Career highlights and awards
- AL batting champion (1905); NL RBI leader (1900); 2× AL stolen base leader (1904, 1906); Cleveland Guardians Hall of Fame;

Member of the National

Baseball Hall of Fame
- Induction: 1963
- Election method: Veterans Committee

= Elmer Flick =

American baseball player (1876–1971)

Elmer Harrison Flick (January 11, 1876 – January 9, 1971) was an American professional baseball outfielder who played in Major League Baseball from 1898 to 1910 for the Philadelphia Phillies, Philadelphia Athletics, and Cleveland Bronchos/Naps. In 1,483 career games, Flick recorded a .313 batting average while accumulating 164 triples, 1,752 hits, 330 stolen bases, and 756 runs batted in (RBIs). He was elected to the Baseball Hall of Fame in 1963.

Flick began his career in semi-professional baseball and played in minor league baseball for two years. He was noticed by George Stallings, the manager of the Phillies, who signed Flick as a reserve outfielder. Flick was pressed into a starting role in 1898 when an injury forced another player to retire. He excelled as a starter. Flick jumped to the Athletics in 1902, but a court injunction prevented him from playing in Pennsylvania. He joined the Naps, where he continued to play for the remainder of his major league career, which was curtailed by a stomach ailment.

Flick was known predominantly for his solid batting and speed. He led the National League in RBIs in 1900, and led the American League in stolen bases in 1904 and 1906, and in batting average in 1905.

==Early life==
Flick was born on January 11, 1876, the third of five children of Zachary and Mary Flick, on the family farm in Bedford, Ohio. His father was a farmer and mechanic who had served in the American Civil War. Flick attended Bedford High School, where he played catcher on the school's baseball team. He also played American football, wrestled, and boxed.

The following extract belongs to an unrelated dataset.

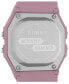 ფოტო #5 პროდუქტის Unisex Digital Ironman Classic Silicone Pink Watch 40mm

Flick entered semi-professional baseball by chance. When he was 15 years old, he was at a train station to support the local baseball team as it left for a road trip. Only eight of the team's players showed up at the station, so Flick was recruited to go on the trip with the team. Though Flick did not have a uniform or shoes, he hit well in both games of the doubleheader, though Bedford lost both games. He joined the Bedford team on a regular basis, and he continued to play semi-pro baseball throughout his teenage years.

==Professional career==

===Minor league baseball===
In 1896, the manager of the Youngstown Puddlers of the Interstate League signed Flick. Because the team had an established catcher, Flick played in the outfield, where he struggled to learn the position. In 31 games, Flick had a .826 fielding percentage. However, Flick had a strong performance offensively. Using his father's lathe, Flick crafted his own baseball bat, which he used to hit for a .438 batting average.

The next year, Flick played for the Dayton Old Soldiers, also in the Interstate League, as their regular left fielder. His defense improved, as he compiled a .921 fielding percentage, and he batted .386. He also led the league with 20 triples and 295 total bases.

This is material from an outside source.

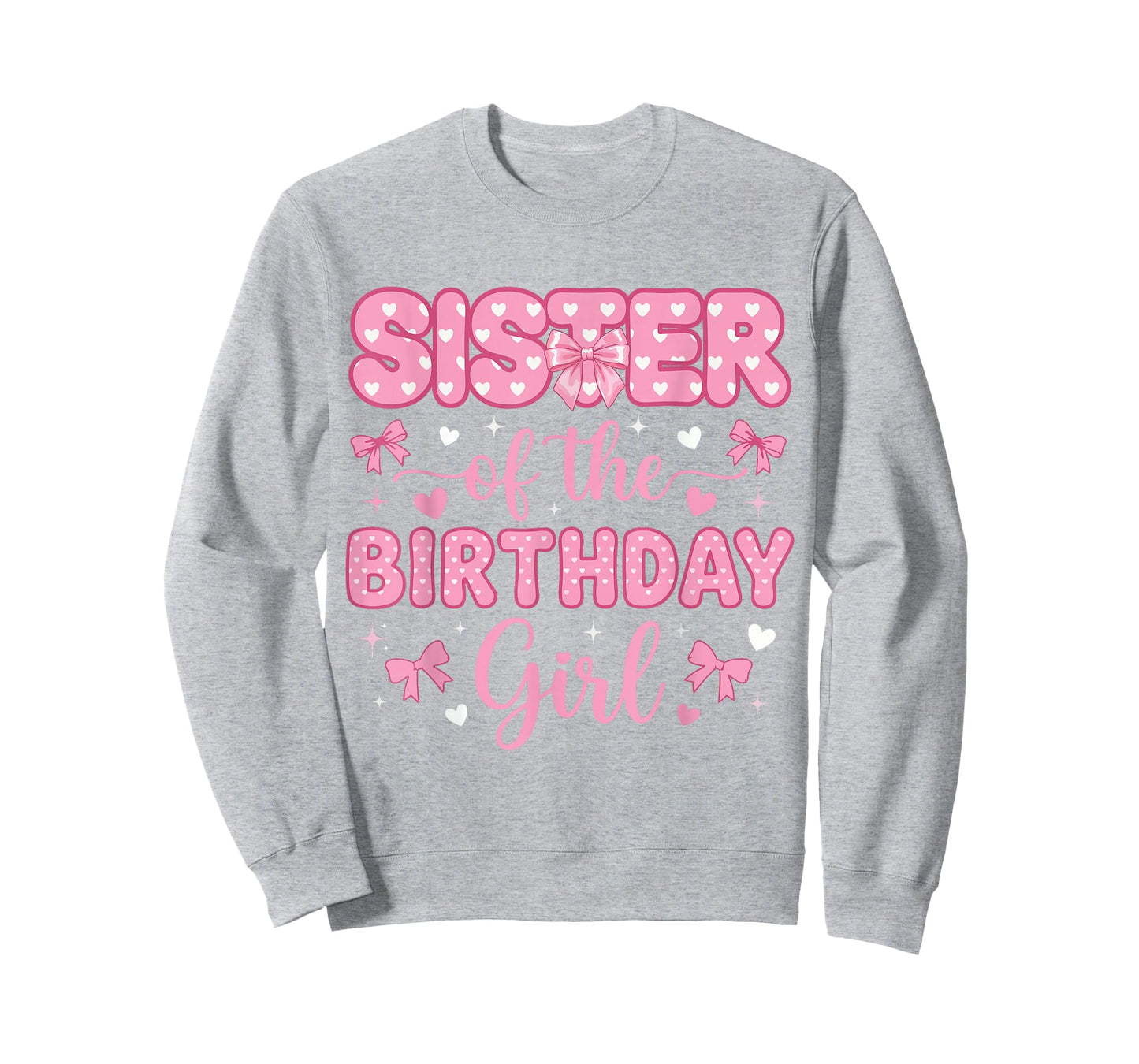 Sister of Birthday Girl Coquette Bow Party Family Matching T-Shirt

===Major League Baseball===
George Stallings, the manager of the Philadelphia Phillies of the National League (NL), noticed Flick while he played for Dayton. Stallings signed Flick to the Phillies to serve as a reserve outfielder for the team in the 1898 season. Starting outfielder Sam Thompson injured his back after six games, forcing Stallings to play Flick. In his debut game, Flick went 2-for-3 with two singles against Fred Klobedanz. Thompson returned to the team briefly, but reinjured his back and announced his retirement in May, allowing Flick to play regularly. Flick proved himself a capable big leaguer, batting .302 with eight home runs, 13 triples and 81 runs batted in (RBIs). In the 1899 season, he batted .342, with 98 runs scored and 98 RBIs. However, he suffered a serious knee injury in August, and reinjured the knee when he returned to the game too quickly.

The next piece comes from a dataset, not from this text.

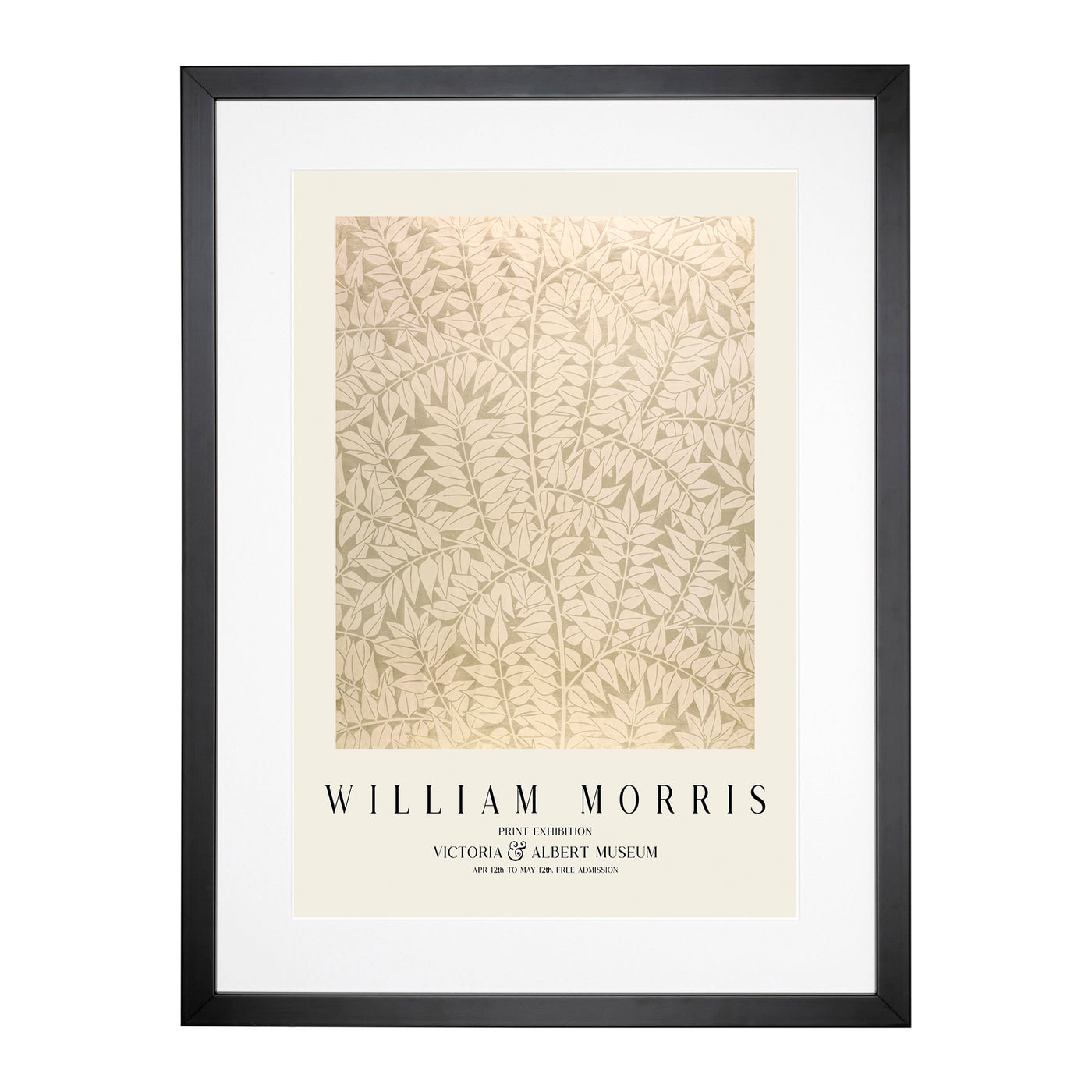 Branch Print By William Morris Framed Print Main Image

Before the 1900 season, Philadelphia stars Napoleon Lajoie and Ed Delahanty held out of renewing their contracts with the team. Other members of the team had grown disgruntled. Amid talk of a revival of the American Association, Flick and several other players began to talk about not returning to the team the next year. The Philadelphia Inquirer reported that Flick's father was in the chair business in Cleveland and that he might require Flick's help with the business. Flick agreed to a contract extension before the season started.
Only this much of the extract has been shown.